The German Protestant composer Heinrich Schütz was already a famous musician and in his forties, when he went to learn from Monteverdi in Venice in 1628. The following year Schütz published his first book of Symphoniae sacrae in that city. Among this proud collection is one of the most moving pieces of music ever written: Fili mi, Absolon!, the lament of King David at the death on the battlefield of his rebellious son. Schütz treats the repetitive text — “O my son Absolom, O Absalom, my son, my son! Who shall me die for you? O Absalom , my, my son! — in a setting that extends to more than six minutes, in which the bereft plaint of the bass voice is introduced and then enshrouded by Monteverdian quartet of sackbutts. Out of the depths the sackbutt chorus rises up, like human hands grasping one over the other at a rope leading up not towards light but more darkness.

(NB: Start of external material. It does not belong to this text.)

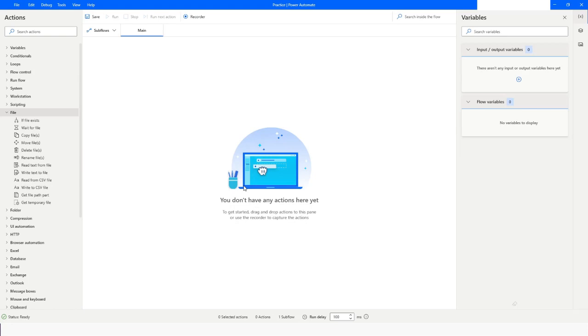Hi guys, welcome to my YouTube channel. In today's video we will learn how to work with text files in Power Automate Desktop. Please watch this video till the end so you can understand it completely. Let's get started.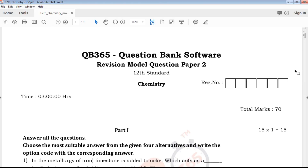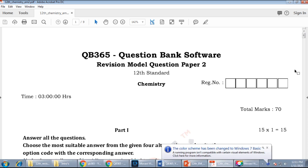Hi friends, welcome to QB 365 YouTube channel. In this video, we will talk about the 12th standard chemistry model question.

The piece is all the more devastating for its simplicity, and for the realization it brings that the gravest of human emotions can inspire such beauty. Schütz was himself no stranger to such loss himself. My pick for this enduring piece and related repertoire is that of the Cappella Augustana, an international group with players from across Europe, and led the Italian, Matteo Messori.
On his return to his native country, the Thirty Years enveloped the Saxon Court of Dresden where Schütz was director of music. The performance of such elaborate music as Fili mi, Absolon! became impossible given the massive disruptions brought on by the conflict and the diversion of budgets away from the arts to the military. Because of what Schütz and Monteverdi were able to do with it, the sackbutt will always be marked for me, in spite its capacity for velocity and uplift, as the instrument of mourning and loss. But for my daughter it was still just plain fun.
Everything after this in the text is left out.